Tidak mengacuhkan kata-kata pemimpin “penculikan” dirinya dan Mohammad Hatta, Sukarno malah memerintah sopir untuk terus melaju ke arah Jakarta. Begitu mendekati sumber asap tersebut, mobil berhenti. Mereka yang ada di kendaraan semuanya turun untuk menyaksikan lebih jelas pemandangan di depan mata. Selidik punya selidik, asap api itu ternyata berasal dari tumpukan jerami yang tengah dibakar seorang petani. Dengan tersenyum mesem, Sukarno lalu berpaling ke arah Sukarni.

Advertising
Advertising

Baca juga: Bertemu Gadis Kala Menyamar, Sukarni Lari

“Inikah api ledakan yang hebat berkobar-kobar? Ini bukannya pemberontakan besar-besaran. Ini bukannya perbuatan ratusan, ribuan orang yang menantikan isyarat untuk berontak. Ini hanyalah perbuatan seorang marhaen yang membakar jerami,” kata Sukarno setengah mengejek.

Sukarni hanya terdiam. Sementara Achmad Soebardjo yang bertugas sebagai penjemput Sukarno-Hatta ke Rengasdengklok, melirik ke arah sang pimpinan pemuda radikal itu.

“Dan cukup sampai di sini saja main pahlawan-pahlawanan-nya. Simpanlah pistol itu!” ujarnya.

Rombongan Sukarno-Hatta tiba di Jakarta sekira jam 8 malam. Begitu sampai ibu kota, mobil langsung diarahkan ke rumah Bung Hatta di Jalan Miyadori (sekarang Jalan Diponegoro). Menurut Hatta dalam otobiografinya, Memoirs, di rumahnya itu mereka lantas mengadakan rapat untuk membahas cara bagaimana meneruskan rapat Panitia Persiapan Kemerdekaan Indonesia (PPKI) yang tidak jadi diselenggarakan pagi harinya.

Singkat cerita, pertemuan kecil itu memutuskan rapat PPKI akan diadakan di rumah Laksamana Maeda, seorang perwira tinggi Kaigun (Angkatan Laut Kekaisaran Jepang) yang bersimpati kepada gerakan kemerdekaan Indonesia. Soebardjo sendiri mendapatkan jatah pekerjaan untuk menghubungi semua anggota PPKI yang saat itu diinapkan di Hotel Des Indes.

Baca juga: Antara Sukarni dan Sukarno

Pertemuan kecil itu pun berakhir menjelang tengah malam.
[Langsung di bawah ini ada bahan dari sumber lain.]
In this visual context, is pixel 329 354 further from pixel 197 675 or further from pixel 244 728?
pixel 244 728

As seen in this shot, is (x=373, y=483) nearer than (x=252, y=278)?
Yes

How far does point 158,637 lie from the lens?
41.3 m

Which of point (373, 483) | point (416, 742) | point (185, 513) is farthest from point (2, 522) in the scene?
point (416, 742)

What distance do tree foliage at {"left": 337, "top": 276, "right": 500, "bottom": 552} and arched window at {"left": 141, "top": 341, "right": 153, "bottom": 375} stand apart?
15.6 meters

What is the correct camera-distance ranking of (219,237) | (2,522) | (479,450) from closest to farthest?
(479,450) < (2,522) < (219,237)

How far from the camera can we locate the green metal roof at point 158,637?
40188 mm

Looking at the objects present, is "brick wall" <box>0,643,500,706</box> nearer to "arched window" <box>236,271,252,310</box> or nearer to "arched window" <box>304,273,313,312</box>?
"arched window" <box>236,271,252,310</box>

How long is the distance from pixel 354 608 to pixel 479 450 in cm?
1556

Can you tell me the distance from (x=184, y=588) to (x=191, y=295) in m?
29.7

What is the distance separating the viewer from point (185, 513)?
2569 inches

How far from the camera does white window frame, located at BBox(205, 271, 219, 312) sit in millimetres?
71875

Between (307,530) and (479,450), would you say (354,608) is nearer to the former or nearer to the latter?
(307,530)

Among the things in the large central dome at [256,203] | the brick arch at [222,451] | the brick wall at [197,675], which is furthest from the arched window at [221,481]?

Masing-masing sepakat untuk pulang terlebih dahulu ke rumah masing-masing untuk sekadar melepaskan letih sejenak usai perjalanan panjang dari Karawang.

“Lalu aku bagaimana?” tanya Sukarni.

“Ya, pulang juga,” jawab Hatta.

“Kalau begitu, aku minta Bung pinjami satu stel pakaian, karena dengan seragam PETA yang aku kenakan sekarang, aku dapat ditangkap oleh Kenpeitai (Polisi Militer Jepang),” ujar Sukarni.

Baca juga: Maeda Pasang Badan Demi Kemerdekaan Indonesia

Mendengar ungkapan Sukarni itu, Soebardjo, Sukarno dan Hatta sontak tertawa terbahak-bahak. Sukarni pun jadi ikut-ikutan tertawa.

“Saudara ini berani mengadakan revolusi menggempur Jepang. Tapi sekarang saudara takut akan ditangkap Kenpeitai karena memakai seragam PETA,” ujar Hatta, masih sambil tertawa.

“Itu lain halnya, Bung. Menggempur Jepang dalam suatu revolusi, aku berani. Tapi akan ditangkap Jepang begitu saja karena seragam PETA, apa gunanya?” kilah Sukarni.

Baca juga: Kisruh Penandatanganan Naskah Proklamasi

Hatta lalu masuk ke kamarnya. Begitu muncul, dia menyerahkan satu stel pakaian kepada Sukarni. Pakaian itu teryata pas benar dengan postur Sukarni, walau celananya terlihat agak pendek sedikit.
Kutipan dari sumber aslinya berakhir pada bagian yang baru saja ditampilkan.